-- THE DATA --

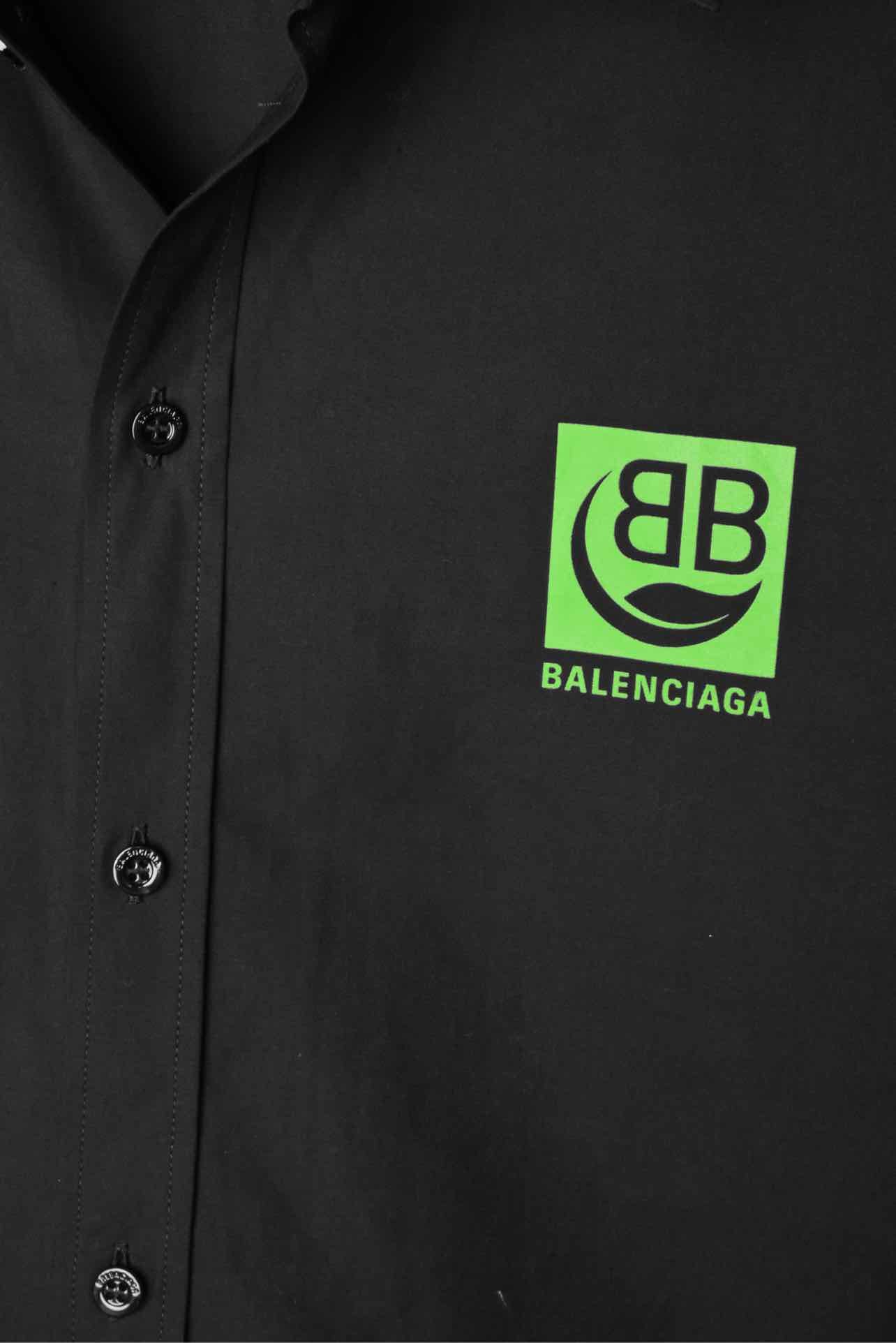 Balenciaga Size XS Men's 2019 BB Leaf Logo Shirt Long Sleeve - Image 3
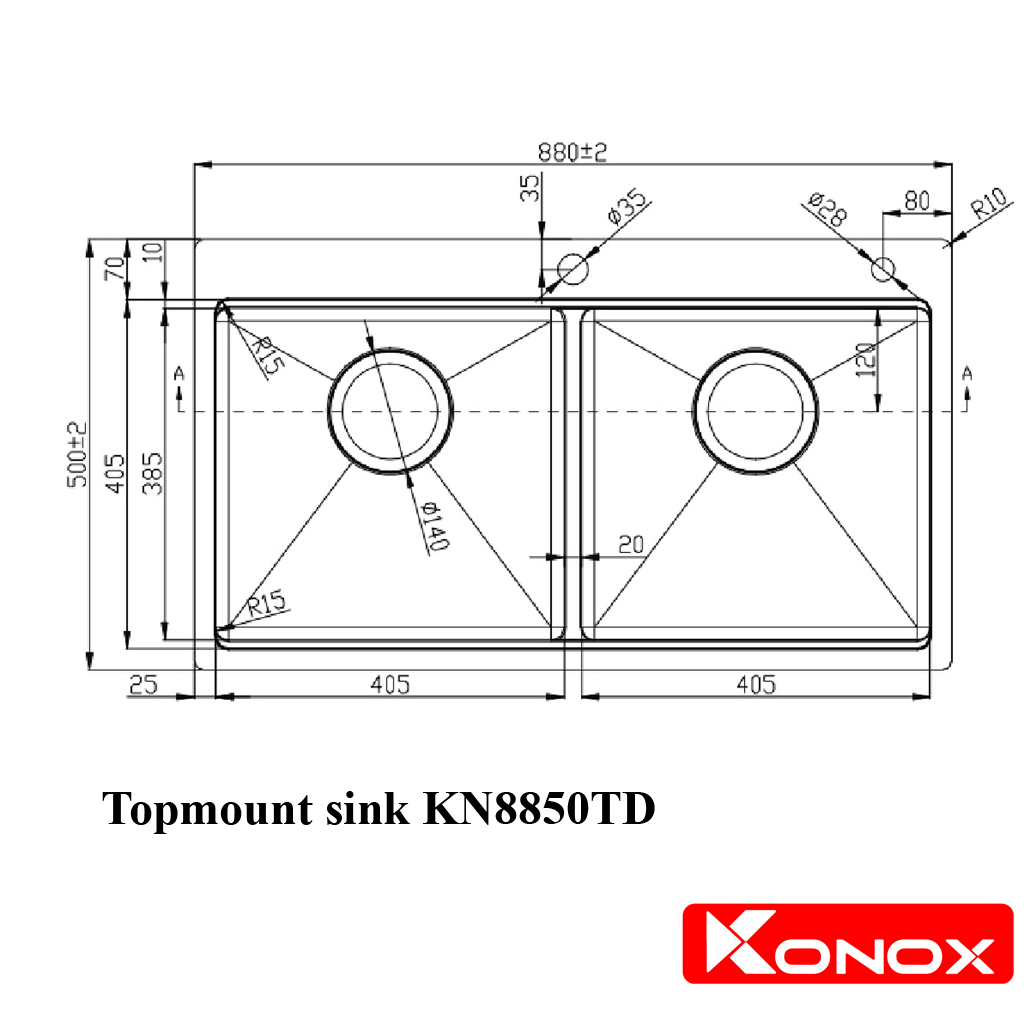 Chậu rửa Konox Topmount sink KN8850TD
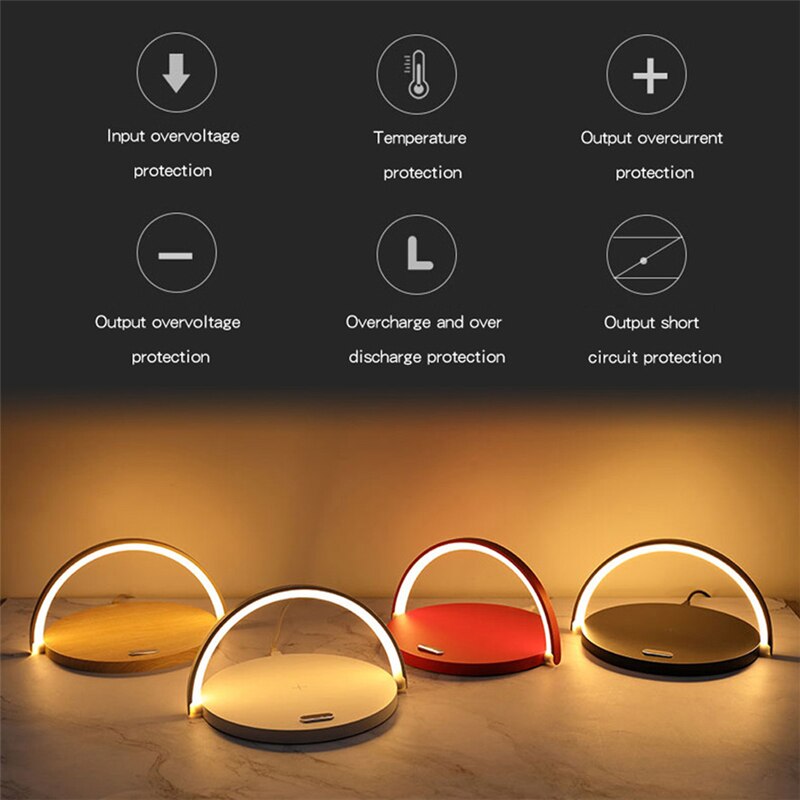 Qi Wireless Charger LED Table Lamp DC5V 10W USB Charging LED Desk Lamp Light Adjustment Table Bedside Lamp With Phone Holder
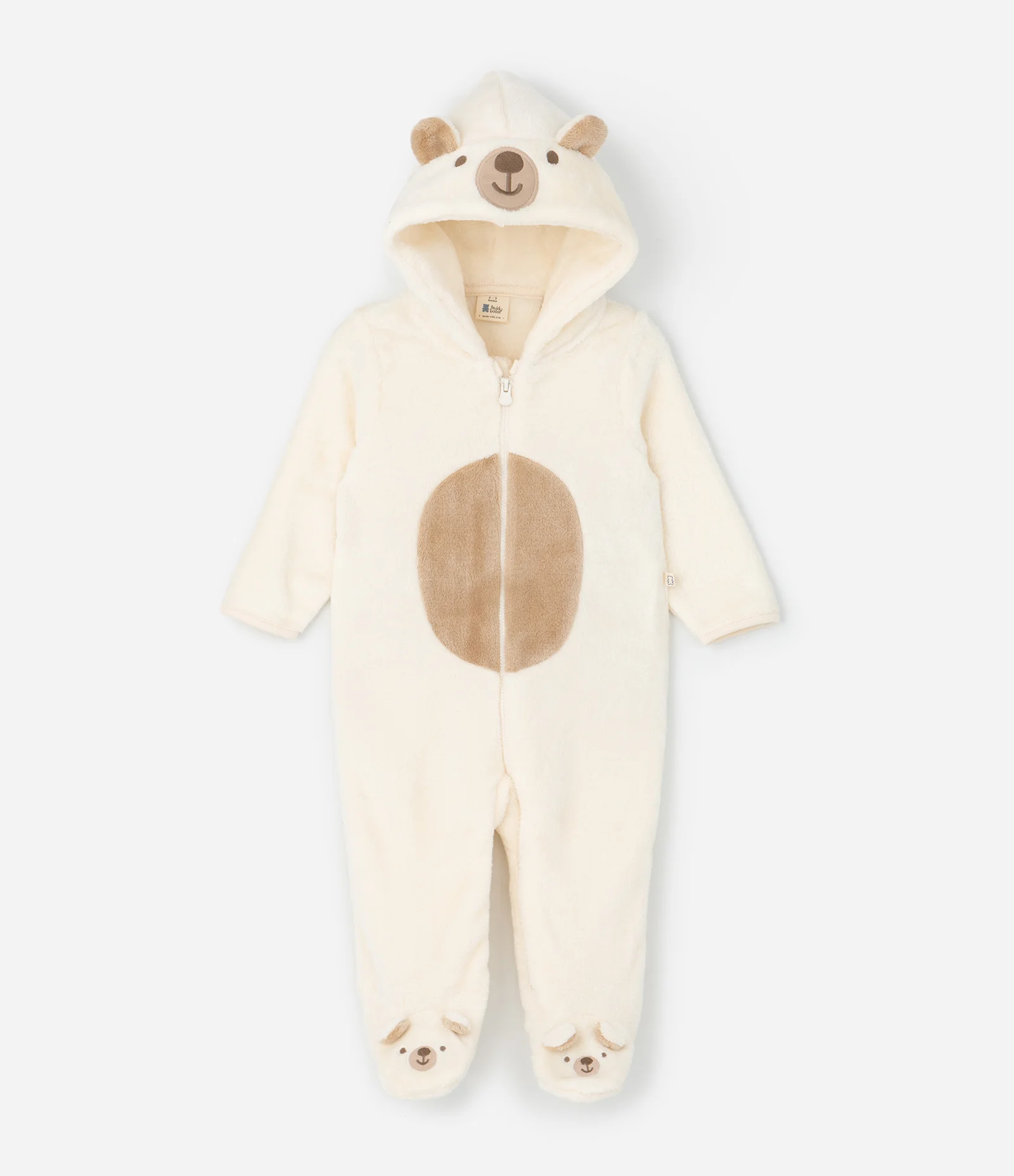 Macacão Infantil com Capuz e Bordado de Urso – Tam 0 a 18 Meses Off White 2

-- PROBLEM TO WORK ON --
Set down the entire material verbatim, with each picture left out.

-- SOLUTION FOR THIS TASK --
 Balenciaga Size XS Men's 2019 BB Leaf Logo Shirt Long Sleeve - Image 3
 Chậu rửa Konox Topmount sink KN8850TD
 Qi Wireless Charger LED Table Lamp DC5V 10W USB Charging LED Desk Lamp Light Adjustment Table Bedside Lamp With Phone Holder
 Macacão Infantil com Capuz e Bordado de Urso – Tam 0 a 18 Meses Off White 2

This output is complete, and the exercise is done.